### Exercise aim
Your job is to print, exactly, the lines in the data below from the line with "High Precision Hydraulic" through the line with "Pick & Pack Fun Rugzak Truck S Blue", both included, and to omit any picture.

### Data for the task
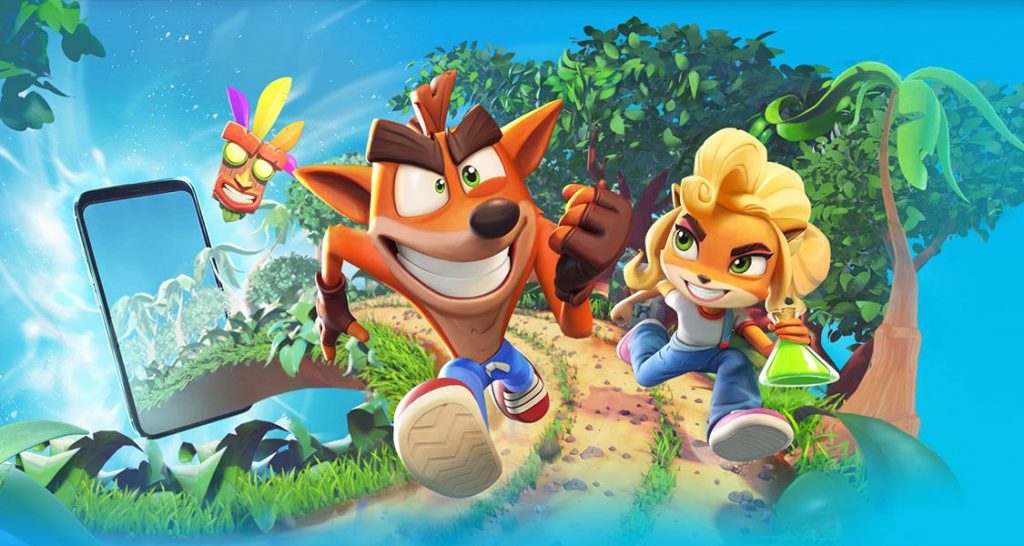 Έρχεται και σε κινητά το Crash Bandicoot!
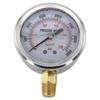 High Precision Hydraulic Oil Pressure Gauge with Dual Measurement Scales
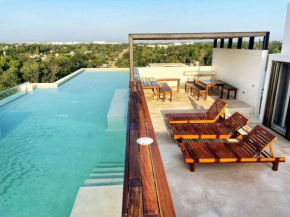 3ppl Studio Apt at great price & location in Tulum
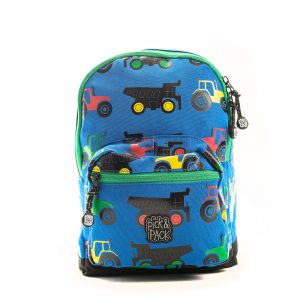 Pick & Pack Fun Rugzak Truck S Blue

--

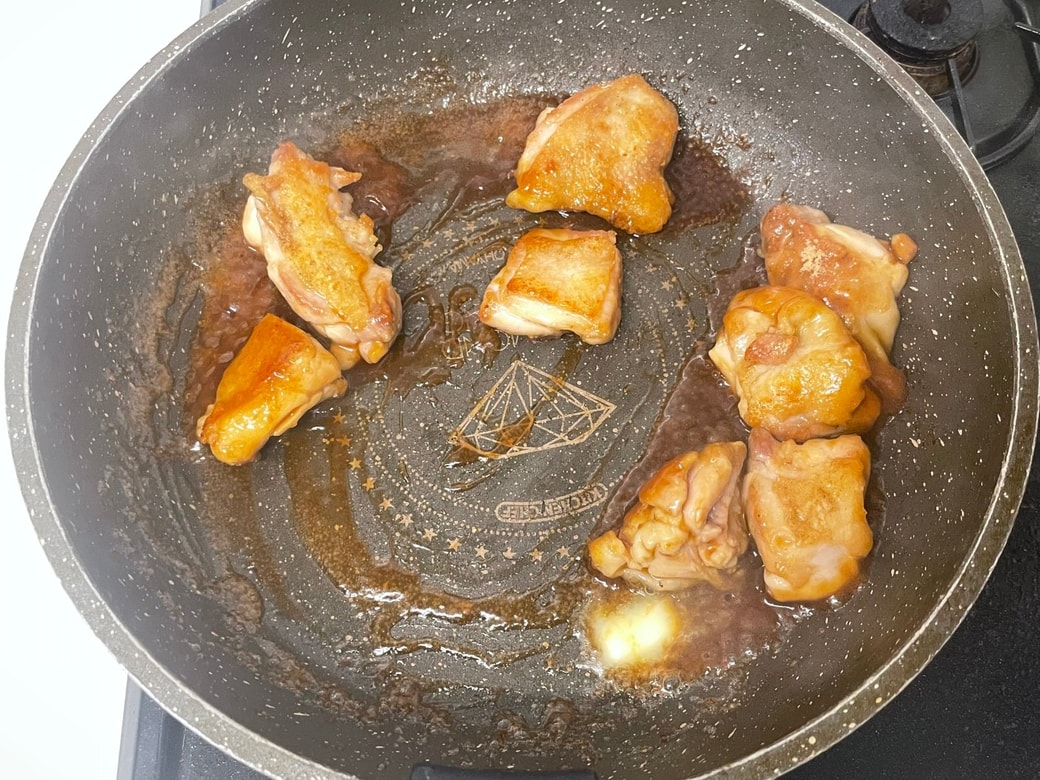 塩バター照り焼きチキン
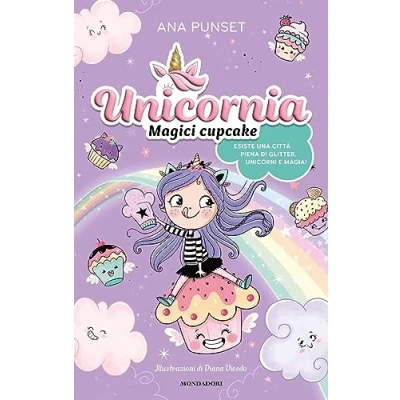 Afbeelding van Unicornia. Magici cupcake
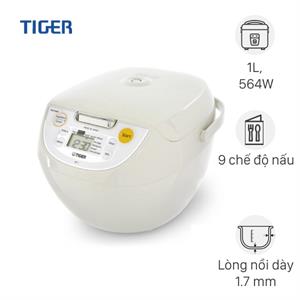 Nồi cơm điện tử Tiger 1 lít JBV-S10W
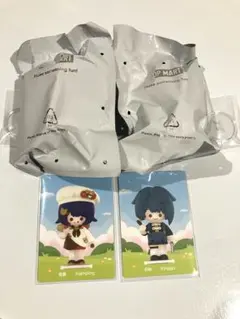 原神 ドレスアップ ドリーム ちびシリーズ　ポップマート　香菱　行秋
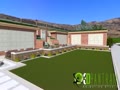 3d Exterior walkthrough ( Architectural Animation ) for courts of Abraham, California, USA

### Output below
 High Precision Hydraulic Oil Pressure Gauge with Dual Measurement Scales
 3ppl Studio Apt at great price & location in Tulum
 Pick & Pack Fun Rugzak Truck S Blue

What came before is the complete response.